▸ **Data provided**
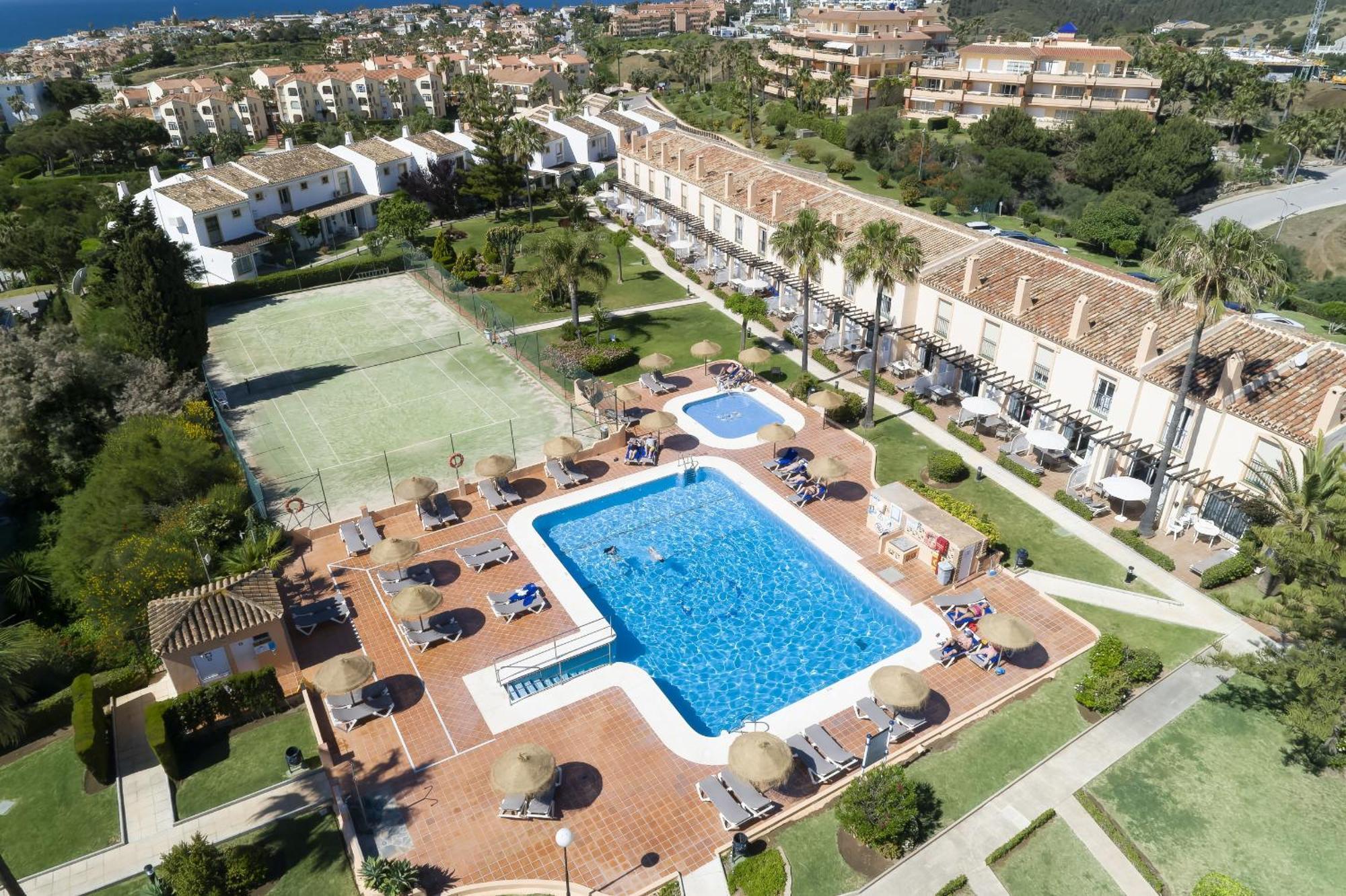Mijas Costa Blue Sky Sea Views By Alfresco Stays El Faro エクステリア 写真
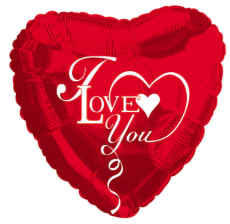 18"-inch Love Balloon - 18"-inch Love Balloon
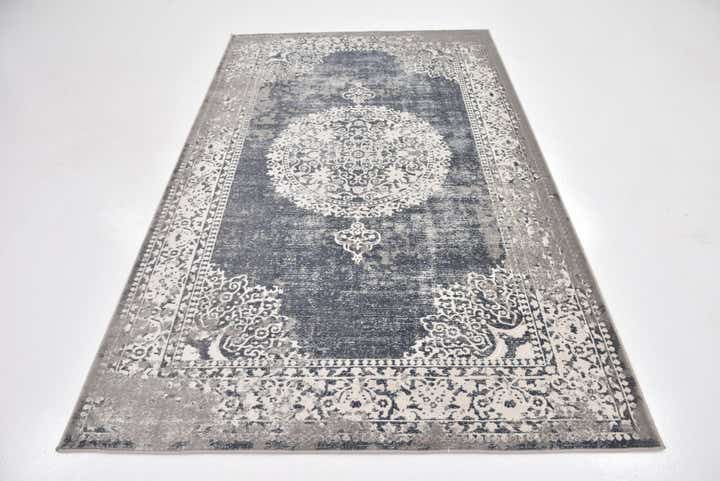 5' x 8' 2 New Vintage Rug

▸ **Required work**
Return all of the material precisely as written. No picture belongs in it.

▸ **Solution for this task**
Mijas Costa Blue Sky Sea Views By Alfresco Stays El Faro エクステリア 写真
 18"-inch Love Balloon - 18"-inch Love Balloon
 5' x 8' 2 New Vintage Rug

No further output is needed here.